The wet autumn leaves stuck to the bottom of his baseball sneakers. A breeze rattled the barren tree branches. He walked towards the side of the dark brown house and noticed hoof tracks. A coyote? He followed the tracks and stumbled on a rock. He wasn’t clumsy. He was a baseball pitcher on his Little League team. Blood smeared on his mouth, but Gary didn’t cry.
He shoveled the leaves with his bare hands and found a grey tombstone. He read the etched name out loud.
“Mrs. Shroud, Born 1720 — Died 2010.”
That was impossible. No one lived for 300 years. Suddenly, he remembered that the realtor’s name was Mr. Shroud.
Gary ran as fast as he could back into the house.
“Mom,” he called out, but no one answered. “Where are you?”
Gary turned around. He heard a rustling sound-clawing against the window, wings flapping in the air. And on the dining room table stood a red creature around three feet high, the head as big as a sheepdog, and the face of a wild horse. It had a long spiky tale and let out a bark as it’s small arms batted in the air.
“The Jersey Devil! The Jersey Devil!”
It sustained itself with its two long hind feet. Its crooked sharp teeth oozed with blood. Gary’s eyes tracked the splatters– human flesh stuck to the window.
It gazed at him, studying him as it barked.

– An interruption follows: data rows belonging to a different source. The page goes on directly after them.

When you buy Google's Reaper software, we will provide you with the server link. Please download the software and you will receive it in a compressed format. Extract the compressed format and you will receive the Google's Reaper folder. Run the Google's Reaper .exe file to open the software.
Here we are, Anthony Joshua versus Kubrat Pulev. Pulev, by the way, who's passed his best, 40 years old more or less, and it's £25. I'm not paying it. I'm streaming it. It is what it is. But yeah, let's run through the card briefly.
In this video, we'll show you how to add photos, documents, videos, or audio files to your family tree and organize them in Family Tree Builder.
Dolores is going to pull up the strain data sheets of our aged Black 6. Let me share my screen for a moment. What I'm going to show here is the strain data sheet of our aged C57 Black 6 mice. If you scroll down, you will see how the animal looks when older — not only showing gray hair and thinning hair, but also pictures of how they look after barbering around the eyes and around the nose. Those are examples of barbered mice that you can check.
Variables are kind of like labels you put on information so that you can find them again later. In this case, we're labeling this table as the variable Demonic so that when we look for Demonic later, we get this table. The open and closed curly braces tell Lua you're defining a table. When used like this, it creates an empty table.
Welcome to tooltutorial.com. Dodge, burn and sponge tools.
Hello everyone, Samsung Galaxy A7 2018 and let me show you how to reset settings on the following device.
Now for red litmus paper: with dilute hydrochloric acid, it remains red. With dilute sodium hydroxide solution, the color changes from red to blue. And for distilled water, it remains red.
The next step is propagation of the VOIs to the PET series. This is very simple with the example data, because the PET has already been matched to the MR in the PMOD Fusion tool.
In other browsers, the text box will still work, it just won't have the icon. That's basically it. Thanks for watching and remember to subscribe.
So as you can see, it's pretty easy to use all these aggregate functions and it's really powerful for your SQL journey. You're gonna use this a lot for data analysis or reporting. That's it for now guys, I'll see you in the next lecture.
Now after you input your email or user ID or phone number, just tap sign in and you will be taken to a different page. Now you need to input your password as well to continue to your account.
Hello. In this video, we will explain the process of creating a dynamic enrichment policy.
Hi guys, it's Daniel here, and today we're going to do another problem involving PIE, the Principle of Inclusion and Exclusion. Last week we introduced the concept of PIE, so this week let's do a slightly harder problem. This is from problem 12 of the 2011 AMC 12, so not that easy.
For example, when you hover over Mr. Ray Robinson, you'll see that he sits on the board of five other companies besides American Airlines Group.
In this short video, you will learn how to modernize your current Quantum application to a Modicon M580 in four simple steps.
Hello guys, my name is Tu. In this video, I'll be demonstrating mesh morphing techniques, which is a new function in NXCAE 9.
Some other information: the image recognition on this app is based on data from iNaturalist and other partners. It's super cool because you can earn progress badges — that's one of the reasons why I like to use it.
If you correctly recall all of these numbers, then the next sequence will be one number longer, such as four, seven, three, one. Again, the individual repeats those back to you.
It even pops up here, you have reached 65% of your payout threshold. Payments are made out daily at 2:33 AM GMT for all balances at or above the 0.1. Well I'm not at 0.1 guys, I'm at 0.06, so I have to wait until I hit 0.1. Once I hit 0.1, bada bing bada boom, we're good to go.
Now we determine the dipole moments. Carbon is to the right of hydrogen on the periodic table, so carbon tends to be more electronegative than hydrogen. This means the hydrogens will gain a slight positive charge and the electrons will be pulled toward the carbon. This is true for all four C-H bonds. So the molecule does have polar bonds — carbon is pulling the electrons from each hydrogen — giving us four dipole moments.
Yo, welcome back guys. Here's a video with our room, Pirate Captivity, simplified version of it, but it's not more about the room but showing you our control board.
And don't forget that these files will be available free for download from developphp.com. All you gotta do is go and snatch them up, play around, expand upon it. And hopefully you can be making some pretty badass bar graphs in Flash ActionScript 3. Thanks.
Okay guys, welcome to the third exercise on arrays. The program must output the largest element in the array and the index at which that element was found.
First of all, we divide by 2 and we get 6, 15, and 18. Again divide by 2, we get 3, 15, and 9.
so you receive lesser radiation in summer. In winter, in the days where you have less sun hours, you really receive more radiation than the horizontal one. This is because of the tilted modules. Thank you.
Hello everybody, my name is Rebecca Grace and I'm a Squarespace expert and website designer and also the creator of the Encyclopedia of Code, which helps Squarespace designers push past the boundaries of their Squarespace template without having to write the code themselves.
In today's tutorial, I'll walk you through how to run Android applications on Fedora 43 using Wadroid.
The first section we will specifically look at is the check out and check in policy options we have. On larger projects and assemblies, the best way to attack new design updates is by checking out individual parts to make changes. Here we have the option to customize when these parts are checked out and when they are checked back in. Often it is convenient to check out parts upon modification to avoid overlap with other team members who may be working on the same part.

Gary took the baseball out of his pocket, placed his fingers on the soft cowhide, and swirled it into a fastball. He knocked the Jersey Devil into the ground.
“Mom,” he called out again and no one answered. Tears rolled down his cheeks as his body trembled.
“Mom!”
The Devil wriggled his body on the ground moving towards the chimney. He picked up the baseball off the ground and struck him again.
Gary rushed upstairs and opened the door of the closets, the bedrooms, and looked everywhere. He raced back downstairs and searched even beneath the kichen sink. He couldn’t find his mom or the realtor. Their cars were still parked up front.
Why hadn’t he thought of it before?
The Jersey Devil let out a piercing painful bark as it crawled back on its two hind feet.
The creature, the Devil, the thing that hurt his mom was Mr. Shroud.
He ran as fast as he could out of the dark old house. As he looked behind, at least, a quarter mile away, he noticed the Devil flying out of the chimney and into the Pine Barren woods.